Durante décadas, Homo habilis — uma das primeiras espécies do género humano — foi visto como o protagonista da chamada “revolução” que mudou para sempre a relação entre hominídeos e predadores. Teria sido este pequeno hominídeo, há cerca de 2 milhões de anos, o autor das primeiras ferramentas de pedra, um pioneiro na exploração de carne e, sobretudo, a espécie que começou a inverter a balança de poder face aos grandes carnívoros africanos?
Um estudo publicado na revista Annals of the New York Academy of Sciences vem questionar este retrato heróico. Recorrendo a ferramentas de inteligência artificial (IA), uma equipa internacional de investigadores demonstrou que fósseis de Homo habilis encontrados em Olduvai (Tanzânia) apresentam marcas claras de terem sido consumidos por leopardos.
De predador a presa
Os fósseis em causa — o holótipo OH 7, pertencente a um jovem, e o espécime OH 65, de um adulto — exibem marcas de dentes compatíveis com mordidas de felinos. Usando algoritmos de visão computacional (modelos como ResNet-50, DenseNet-201 e VGG-19), os investigadores conseguiram comparar estas marcas com uma base de dados experimental de ossos roídos por diferentes carnívoros. O resultado foi inequívoco: os padrões coincidem com os de leopardos.
“Isto mostra que, longe de dominar o ambiente, o Homo habilis ainda ocupava uma posição frágil na cadeia trófica”, explicam os autores. Ou seja, mais do que caçadores ousados, estes hominídeos eram, pelo menos em parte, presas.

Crédito: Annals of the New York Academy of Sciences (2025). DOI: 10.1111/nyas.15321
Ferramentas de pedra sob suspeita
O estudo não se limita a identificar predadores. Abre também uma discussão sobre o papel do Homo habilis na chamada cultura Olduvai — as primeiras indústrias líticas, tradicionalmente atribuídas a esta espécie.
Nos últimos anos, novas descobertas revelaram a presença de Homo erectus em depósitos datados de 2 milhões de anos, levantando dúvidas sobre quem realmente fabricava as primeiras ferramentas de pedra. Além disso, análises recentes mostram que a anatomia do Homo habilis era mais primitiva do que se supunha, sugerindo limitações para algumas das atividades associadas ao fabrico e uso de instrumentos.
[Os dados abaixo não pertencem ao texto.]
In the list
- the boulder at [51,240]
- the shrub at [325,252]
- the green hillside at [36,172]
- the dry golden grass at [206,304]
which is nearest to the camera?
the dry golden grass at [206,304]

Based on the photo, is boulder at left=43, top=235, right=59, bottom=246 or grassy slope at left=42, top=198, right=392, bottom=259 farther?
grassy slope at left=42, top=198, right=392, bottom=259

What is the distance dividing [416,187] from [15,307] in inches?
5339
IA a serviço da arqueologia
O uso de inteligência artificial neste estudo é pioneiro na paleoantropologia. Graças a técnicas de aprendizagem profunda, os investigadores conseguiram distinguir marcas deixadas por diferentes carnívoros com níveis de precisão próximos dos 90%.
Esta abordagem permite ultrapassar décadas de debates baseados apenas em observação visual, frequentemente subjetiva. Agora, com dados mais robustos, é possível reconstruir de forma mais fiável as interações entre humanos primitivos e predadores.
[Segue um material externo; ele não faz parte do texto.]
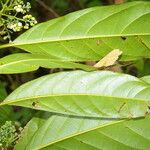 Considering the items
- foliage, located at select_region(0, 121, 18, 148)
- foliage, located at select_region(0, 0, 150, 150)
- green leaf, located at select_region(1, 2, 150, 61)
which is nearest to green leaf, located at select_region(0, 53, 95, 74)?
foliage, located at select_region(0, 0, 150, 150)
Um lugar mais modesto na evolução humana
As conclusões do estudo obrigam a repensar a narrativa clássica da evolução humana. Se o Homo habilis era ainda presa de leopardos, o “grande salto” que inverteu a relação entre hominídeos e carnívoros poderá ter ocorrido mais tarde, possivelmente com Homo erectus, espécie mais adaptada a um estilo de vida terrestre e à caça organizada.
“O nosso estudo mostra que o Homo habilis não foi o herói que durante tanto tempo imaginámos, mas sim uma espécie vulnerável, que teve de sobreviver sob constante ameaça de predadores”, concluem os autores.
Este texto foi escrito partindo da análise deste estudo.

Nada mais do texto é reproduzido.